The events over the past few years has refocused attention on members of society who are disadvantaged and less well served by existing institutions. Businesses, nonprofits, and other institutions are attempting to build more accessible and inclusive environments.

This milieu has also heightened the salience of how societies measure their well-being. More attention is being paid to designing and using data for social good. At the nation-state level, almost all central governments produce information on the country’s income, housing, education, labor force participation, consumer behavior, etc. In addition, academics and private sector researchers measure attitudes toward political affairs, pressing problems facing the country, personal and family aspirations. Most of these efforts use sample surveys as a tool of measurement.

There is a beginning of a new wave of self-criticism of those methods in describing those more marginalized in the society. See, for example, here and here. The criticisms reiterate issues that discussed over decades of research.

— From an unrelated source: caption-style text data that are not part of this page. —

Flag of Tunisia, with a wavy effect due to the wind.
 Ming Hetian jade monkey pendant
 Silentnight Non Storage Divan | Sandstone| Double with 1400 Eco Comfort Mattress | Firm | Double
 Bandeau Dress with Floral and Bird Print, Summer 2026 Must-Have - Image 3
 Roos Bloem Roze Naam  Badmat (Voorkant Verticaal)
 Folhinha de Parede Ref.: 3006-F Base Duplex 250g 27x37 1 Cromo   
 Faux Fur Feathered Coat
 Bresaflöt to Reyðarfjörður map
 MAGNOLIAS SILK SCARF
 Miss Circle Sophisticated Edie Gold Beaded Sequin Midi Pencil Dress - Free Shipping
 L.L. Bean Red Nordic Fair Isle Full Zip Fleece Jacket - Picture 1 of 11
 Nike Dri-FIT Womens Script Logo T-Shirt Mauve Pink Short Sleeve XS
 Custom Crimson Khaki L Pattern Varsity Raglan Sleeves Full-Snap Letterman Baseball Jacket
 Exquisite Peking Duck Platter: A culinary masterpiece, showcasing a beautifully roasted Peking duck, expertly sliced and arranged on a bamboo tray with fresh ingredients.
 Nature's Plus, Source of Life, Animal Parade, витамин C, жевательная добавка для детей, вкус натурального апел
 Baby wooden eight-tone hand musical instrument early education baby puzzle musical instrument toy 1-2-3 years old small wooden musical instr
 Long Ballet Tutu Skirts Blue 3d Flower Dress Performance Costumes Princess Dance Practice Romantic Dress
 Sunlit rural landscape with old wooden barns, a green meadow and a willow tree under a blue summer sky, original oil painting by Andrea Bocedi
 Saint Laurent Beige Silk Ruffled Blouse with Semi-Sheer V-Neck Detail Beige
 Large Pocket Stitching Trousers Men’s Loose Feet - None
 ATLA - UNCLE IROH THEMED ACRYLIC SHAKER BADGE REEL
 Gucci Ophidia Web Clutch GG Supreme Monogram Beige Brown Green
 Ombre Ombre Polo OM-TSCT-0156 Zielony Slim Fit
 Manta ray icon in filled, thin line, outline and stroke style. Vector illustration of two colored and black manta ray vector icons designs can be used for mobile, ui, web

The first critique involves what parts of populations fail to be covered by the operations of data collection. For example, it is well-documented that country-level censuses tend to miss well-defined subsets of the population. Young children tend not to be reported by adults as members of the household. Transient subpopulations often are missed because they have ambiguous residential locations at any one moment. There is often no effort to enumerate the unhoused population in national censuses.

The measurement techniques used in the surveys sometimes use internet-based platforms. Those populations not well-served by internet connectivity, either because they do not have smart phones or home internet, tend to fall out of the measurement.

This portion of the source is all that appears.